This game is coming out in one week, which is surprising. I would have expected more attention. I dug around a little, found some previews, and discovered why there wasn't much hype.
Every preview I saw raised serious concerns. I didn't see any previews that were largely positive and enthusiastic. Most of the previews raised concerns about the combat, and several raised other concerns about the storytelling or design.
Here are some excerpts from five previews I read:
"The combat itself just feels a bit janky. Dodgy animations, some awkward controls and repetitiousness work against the combat - especially when you're bullied by more than a single enemy at a time.
"Vampyr is tough, we get that - it's designed to punish you for not embracing your vampirism.
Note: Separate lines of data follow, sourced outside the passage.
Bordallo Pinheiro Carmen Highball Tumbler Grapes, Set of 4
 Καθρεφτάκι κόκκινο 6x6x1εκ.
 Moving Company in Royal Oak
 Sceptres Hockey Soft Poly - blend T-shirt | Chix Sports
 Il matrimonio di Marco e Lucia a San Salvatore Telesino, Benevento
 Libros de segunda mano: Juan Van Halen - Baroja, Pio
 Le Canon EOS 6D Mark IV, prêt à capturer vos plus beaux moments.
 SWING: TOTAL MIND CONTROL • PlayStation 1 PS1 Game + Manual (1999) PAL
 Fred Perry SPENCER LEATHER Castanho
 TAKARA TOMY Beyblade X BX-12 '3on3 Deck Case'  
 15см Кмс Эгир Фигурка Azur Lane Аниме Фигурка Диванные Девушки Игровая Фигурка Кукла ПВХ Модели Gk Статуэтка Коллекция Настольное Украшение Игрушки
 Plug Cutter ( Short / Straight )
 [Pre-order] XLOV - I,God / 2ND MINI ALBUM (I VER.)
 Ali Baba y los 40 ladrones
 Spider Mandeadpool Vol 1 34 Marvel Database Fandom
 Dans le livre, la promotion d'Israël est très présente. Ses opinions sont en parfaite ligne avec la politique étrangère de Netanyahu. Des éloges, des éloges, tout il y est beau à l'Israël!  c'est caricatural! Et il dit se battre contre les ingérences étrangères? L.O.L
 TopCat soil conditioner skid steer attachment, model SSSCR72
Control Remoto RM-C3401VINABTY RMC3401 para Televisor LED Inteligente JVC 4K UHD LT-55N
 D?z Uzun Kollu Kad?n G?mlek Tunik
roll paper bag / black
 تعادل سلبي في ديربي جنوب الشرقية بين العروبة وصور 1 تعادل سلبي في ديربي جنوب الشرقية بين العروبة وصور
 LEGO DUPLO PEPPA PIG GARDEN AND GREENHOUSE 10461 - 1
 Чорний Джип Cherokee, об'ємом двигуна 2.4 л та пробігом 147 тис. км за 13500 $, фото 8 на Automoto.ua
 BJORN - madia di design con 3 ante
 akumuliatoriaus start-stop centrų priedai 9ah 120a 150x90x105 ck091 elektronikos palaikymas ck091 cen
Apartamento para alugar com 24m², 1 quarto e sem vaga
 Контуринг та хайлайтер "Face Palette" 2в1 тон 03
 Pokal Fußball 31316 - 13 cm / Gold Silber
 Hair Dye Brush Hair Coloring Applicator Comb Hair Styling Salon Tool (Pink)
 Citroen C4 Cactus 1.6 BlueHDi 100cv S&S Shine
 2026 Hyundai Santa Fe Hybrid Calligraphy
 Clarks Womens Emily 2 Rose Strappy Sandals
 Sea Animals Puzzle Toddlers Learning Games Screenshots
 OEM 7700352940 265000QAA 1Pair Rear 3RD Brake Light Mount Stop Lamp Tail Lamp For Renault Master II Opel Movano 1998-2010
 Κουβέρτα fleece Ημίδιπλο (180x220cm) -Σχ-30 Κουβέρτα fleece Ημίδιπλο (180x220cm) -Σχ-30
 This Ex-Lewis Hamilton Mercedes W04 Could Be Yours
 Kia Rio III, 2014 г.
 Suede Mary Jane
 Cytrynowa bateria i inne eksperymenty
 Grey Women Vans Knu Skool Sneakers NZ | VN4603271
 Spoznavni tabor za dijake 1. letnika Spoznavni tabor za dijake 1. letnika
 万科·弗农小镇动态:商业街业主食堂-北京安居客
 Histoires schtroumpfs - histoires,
But paired with awkward controls, confusing hitboxes, framerate lag and more... well, it becomes unfun."
https://www.dailystar.co.uk/tech/ga...lawed-moral-dilemma-of-a-game-xbox-one-ps4-pc
"The Vampyr session started an hour and forty-five minutes ago, and I'm seriously wondering if I putting down the controller, thanking my hosts and leaving before the end would miraculously pass for something other than rude impoliteness. Several fellow journalists felt the same, all stuck on the same sequence of the demo, peeking feverishly at the screens of their comrades, for fear of being the only bad player in the group. Everything had started very well, one good surprise after another. But once Dr. Jonathan Reid started his first real fights with a weapon in hand, damn, what an impossible beatdown. There is something rotten in the kingdom of Vampyr, and Dontnod has four short months to clean that up."
https://www.gamekult.com/jeux/vampyr-3050394023/test.html
"This is the confusion of Vampyr. It’s a game that tells me that taking a life matters, but then finds ways to throw disposable enemies at me whenever I leave the safety of the hospital. It’s a game that wants me to consider my choice of victim, but I’m only killing them so that I can unlock awesome new murdery vampire abilities. And I was shocked by how quickly it moves from being the story of a freshly turned vampire to being a game in which the existence of vampires, in various forms, and the presence of a vampire-killing cult in central London is entirely ordinary. Some of the mystery of the myth is waved aside far too quickly.
"Two hours is far from enough to judge the game as a whole and my hope is that I’ve been scratching at an unappealingly scabby surface and if I’d been able to keep at it, I’d have found that sweet blood I craved. Only time will tell, but for now, I’m going to proceed with caution."
https://www.rockpapershotgun.com/2018/02/14/vampyr-preview/
"Unfortunately, from the two hours I played at a recent preview event, it appears Vampyr doesn’t live up to either of Dontnod’s previous efforts."
"Vampyr is unsatisfying from the start. For a game that has been pitched as one of choice and consequence, where you interact with a whole city of people, choosing who lives and dies to sate your thirst, it is disappointingly linear."
"The only people you encounter in the smog-filled streets are characterless vampire hunters and blood-starved vampiric creatures who exist only to be killed by you. There is no talking to them or avoiding them. This wouldn’t be such an obvious blemish if it weren’t for the shallow combat."
"I found Vampyr’s combat too rough to be much fun. My attacks didn’t appear to combo, so the animations repeated without flow, becoming awkward and dull."
https://www.pcgamesn.com/vampyr/vampyr-combat-story
"It’s always a shame when you finally get your hands on a game for the first time, after you’ve been following it for years and have always liked what you’ve seen and heard, only to be left sadly disappointed by it. While I still believe there is a lot of potential in Vampyr’s core concept and that longer time needs to be spent with it to fully see the effect of your decisions, from the two hours I spent playing I felt the excursion in a number of key areas was well off the mark."
"I just thought a lot of the dialogue writing and the voice acting was so poor that I was constantly dragged out of the moment. So many of the conversations were littered with really stilted dialogue that felt so disjointed. For instance, a barman said to me: “have you heard about the murders?” and Reid replies with: “tell me about these murders?” Absolutely nobody in reality talks like that! There was no sign of surprise or horror, just repeating what the barman has just said. There was umpteen examples of this and when so much of a game involves long conversations, when there is so much talking, it’s imperative that it’s engaging throughout. Oh, it’s especially weird when you notice that the top half of characters’ heads don’t move at all."
"The second biggest aspect of Vampyr – combat – was also a disappointment as well. Now, I will cut some slack as I had made things harder for myself by choosing not to feast and so I didn’t get access to some upgrade attacks (even though most of the skills on the skill tree were really boring stat increases that you don’t see), but regardless I found the combat to be repetitive and dull. There’s just one optimum way of dealing with enemies, so there’s never any variation."
http://www.godisageek.com/2018/02/v...mechanics-but-still-has-a-bit-of-a-way-to-go/
Those previews were from mid-February, so Dontnod only had 3 or 4 months to change things before release. I seriously doubt that with only a few months, they would've been able to overhaul combat, design, and dialog enough to address all these issues.